** TASK DIRECTIONS **
Restate the entries below word for word, leaving nothing out.

** DATA UNDER STUDY **

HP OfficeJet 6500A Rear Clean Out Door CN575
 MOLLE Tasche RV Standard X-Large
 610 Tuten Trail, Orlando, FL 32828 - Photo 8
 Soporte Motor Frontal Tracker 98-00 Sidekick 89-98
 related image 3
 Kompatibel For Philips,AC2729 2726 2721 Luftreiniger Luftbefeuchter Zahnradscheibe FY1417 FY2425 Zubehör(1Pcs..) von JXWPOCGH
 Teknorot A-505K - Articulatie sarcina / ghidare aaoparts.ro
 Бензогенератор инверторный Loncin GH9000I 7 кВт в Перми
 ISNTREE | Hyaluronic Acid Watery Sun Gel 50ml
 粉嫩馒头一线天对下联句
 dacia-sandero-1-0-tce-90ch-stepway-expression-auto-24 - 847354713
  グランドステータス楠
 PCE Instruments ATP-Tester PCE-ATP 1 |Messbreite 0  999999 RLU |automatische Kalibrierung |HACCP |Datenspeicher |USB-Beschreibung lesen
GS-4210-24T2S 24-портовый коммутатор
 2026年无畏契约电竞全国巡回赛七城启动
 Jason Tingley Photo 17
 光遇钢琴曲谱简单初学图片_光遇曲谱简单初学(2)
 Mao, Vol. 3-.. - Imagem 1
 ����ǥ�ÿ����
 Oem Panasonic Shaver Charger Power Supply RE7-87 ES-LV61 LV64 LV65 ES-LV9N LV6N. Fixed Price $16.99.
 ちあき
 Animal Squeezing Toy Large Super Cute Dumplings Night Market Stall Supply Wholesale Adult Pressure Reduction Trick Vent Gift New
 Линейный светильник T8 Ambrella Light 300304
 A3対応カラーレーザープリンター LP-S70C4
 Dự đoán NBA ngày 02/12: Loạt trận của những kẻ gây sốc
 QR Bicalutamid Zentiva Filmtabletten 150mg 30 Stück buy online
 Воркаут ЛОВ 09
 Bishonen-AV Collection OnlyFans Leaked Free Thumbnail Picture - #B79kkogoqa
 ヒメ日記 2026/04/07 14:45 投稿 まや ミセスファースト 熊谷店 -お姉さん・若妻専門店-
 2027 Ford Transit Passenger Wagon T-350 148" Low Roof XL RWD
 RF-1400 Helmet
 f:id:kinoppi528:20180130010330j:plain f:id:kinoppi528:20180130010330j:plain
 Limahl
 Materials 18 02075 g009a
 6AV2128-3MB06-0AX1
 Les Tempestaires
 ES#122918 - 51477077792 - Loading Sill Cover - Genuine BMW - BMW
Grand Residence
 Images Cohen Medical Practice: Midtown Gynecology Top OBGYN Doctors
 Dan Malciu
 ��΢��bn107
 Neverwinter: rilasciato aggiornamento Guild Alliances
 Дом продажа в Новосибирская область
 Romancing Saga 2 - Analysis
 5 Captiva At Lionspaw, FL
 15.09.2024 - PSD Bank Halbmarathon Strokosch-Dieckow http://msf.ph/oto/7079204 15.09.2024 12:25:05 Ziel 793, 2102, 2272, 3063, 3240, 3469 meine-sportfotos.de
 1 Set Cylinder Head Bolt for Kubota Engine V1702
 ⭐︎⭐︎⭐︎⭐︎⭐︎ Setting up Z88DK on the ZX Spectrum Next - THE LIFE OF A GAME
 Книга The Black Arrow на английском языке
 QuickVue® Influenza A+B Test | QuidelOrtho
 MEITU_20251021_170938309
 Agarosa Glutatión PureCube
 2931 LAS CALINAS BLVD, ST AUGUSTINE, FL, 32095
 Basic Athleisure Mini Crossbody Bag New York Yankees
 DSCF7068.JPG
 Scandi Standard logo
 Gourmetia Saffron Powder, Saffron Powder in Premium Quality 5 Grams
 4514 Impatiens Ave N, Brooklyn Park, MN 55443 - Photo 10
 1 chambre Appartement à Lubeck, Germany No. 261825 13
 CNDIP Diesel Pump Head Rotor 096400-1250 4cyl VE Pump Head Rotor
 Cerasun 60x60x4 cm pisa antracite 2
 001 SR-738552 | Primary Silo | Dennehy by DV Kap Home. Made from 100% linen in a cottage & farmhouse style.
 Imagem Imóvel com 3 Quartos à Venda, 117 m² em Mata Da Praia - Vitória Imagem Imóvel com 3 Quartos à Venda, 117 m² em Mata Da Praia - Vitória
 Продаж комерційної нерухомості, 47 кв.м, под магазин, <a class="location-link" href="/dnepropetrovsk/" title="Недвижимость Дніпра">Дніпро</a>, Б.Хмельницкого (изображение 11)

** RESULT BELOW **
HP OfficeJet 6500A Rear Clean Out Door CN575
 MOLLE Tasche RV Standard X-Large
 610 Tuten Trail, Orlando, FL 32828 - Photo 8
 Soporte Motor Frontal Tracker 98-00 Sidekick 89-98
 related image 3
 Kompatibel For Philips,AC2729 2726 2721 Luftreiniger Luftbefeuchter Zahnradscheibe FY1417 FY2425 Zubehör(1Pcs..) von JXWPOCGH
 Teknorot A-505K - Articulatie sarcina / ghidare aaoparts.ro
 Бензогенератор инверторный Loncin GH9000I 7 кВт в Перми
 ISNTREE | Hyaluronic Acid Watery Sun Gel 50ml
 粉嫩馒头一线天对下联句
 dacia-sandero-1-0-tce-90ch-stepway-expression-auto-24 - 847354713
  グランドステータス楠
 PCE Instruments ATP-Tester PCE-ATP 1 |Messbreite 0  999999 RLU |automatische Kalibrierung |HACCP |Datenspeicher |USB-Beschreibung lesen
GS-4210-24T2S 24-портовый коммутатор
 2026年无畏契约电竞全国巡回赛七城启动
 Jason Tingley Photo 17
 光遇钢琴曲谱简单初学图片_光遇曲谱简单初学(2)
 Mao, Vol. 3-.. - Imagem 1
 ����ǥ�ÿ����
 Oem Panasonic Shaver Charger Power Supply RE7-87 ES-LV61 LV64 LV65 ES-LV9N LV6N. Fixed Price $16.99.
 ちあき
 Animal Squeezing Toy Large Super Cute Dumplings Night Market Stall Supply Wholesale Adult Pressure Reduction Trick Vent Gift New
 Линейный светильник T8 Ambrella Light 300304
 A3対応カラーレーザープリンター LP-S70C4
 Dự đoán NBA ngày 02/12: Loạt trận của những kẻ gây sốc
 QR Bicalutamid Zentiva Filmtabletten 150mg 30 Stück buy online
 Воркаут ЛОВ 09
 Bishonen-AV Collection OnlyFans Leaked Free Thumbnail Picture - #B79kkogoqa
 ヒメ日記 2026/04/07 14:45 投稿 まや ミセスファースト 熊谷店 -お姉さん・若妻専門店-
 2027 Ford Transit Passenger Wagon T-350 148" Low Roof XL RWD
 RF-1400 Helmet
 f:id:kinoppi528:20180130010330j:plain f:id:kinoppi528:20180130010330j:plain
 Limahl
 Materials 18 02075 g009a
 6AV2128-3MB06-0AX1
 Les Tempestaires
 ES#122918 - 51477077792 - Loading Sill Cover - Genuine BMW - BMW
Grand Residence
 Images Cohen Medical Practice: Midtown Gynecology Top OBGYN Doctors
 Dan Malciu
 ��΢��bn107
 Neverwinter: rilasciato aggiornamento Guild Alliances
 Дом продажа в Новосибирская область
 Romancing Saga 2 - Analysis
 5 Captiva At Lionspaw, FL
 15.09.2024 - PSD Bank Halbmarathon Strokosch-Dieckow http://msf.ph/oto/7079204 15.09.2024 12:25:05 Ziel 793, 2102, 2272, 3063, 3240, 3469 meine-sportfotos.de
 1 Set Cylinder Head Bolt for Kubota Engine V1702
 ⭐︎⭐︎⭐︎⭐︎⭐︎ Setting up Z88DK on the ZX Spectrum Next - THE LIFE OF A GAME
 Книга The Black Arrow на английском языке
 QuickVue® Influenza A+B Test | QuidelOrtho
 MEITU_20251021_170938309
 Agarosa Glutatión PureCube
 2931 LAS CALINAS BLVD, ST AUGUSTINE, FL, 32095
 Basic Athleisure Mini Crossbody Bag New York Yankees
 DSCF7068.JPG
 Scandi Standard logo
 Gourmetia Saffron Powder, Saffron Powder in Premium Quality 5 Grams
 4514 Impatiens Ave N, Brooklyn Park, MN 55443 - Photo 10
 1 chambre Appartement à Lubeck, Germany No. 261825 13
 CNDIP Diesel Pump Head Rotor 096400-1250 4cyl VE Pump Head Rotor
 Cerasun 60x60x4 cm pisa antracite 2
 001 SR-738552 | Primary Silo | Dennehy by DV Kap Home. Made from 100% linen in a cottage & farmhouse style.
 Imagem Imóvel com 3 Quartos à Venda, 117 m² em Mata Da Praia - Vitória Imagem Imóvel com 3 Quartos à Venda, 117 m² em Mata Da Praia - Vitória
 Продаж комерційної нерухомості, 47 кв.м, под магазин, <a class="location-link" href="/dnepropetrovsk/" title="Недвижимость Дніпра">Дніпро</a>, Б.Хмельницкого (изображение 11)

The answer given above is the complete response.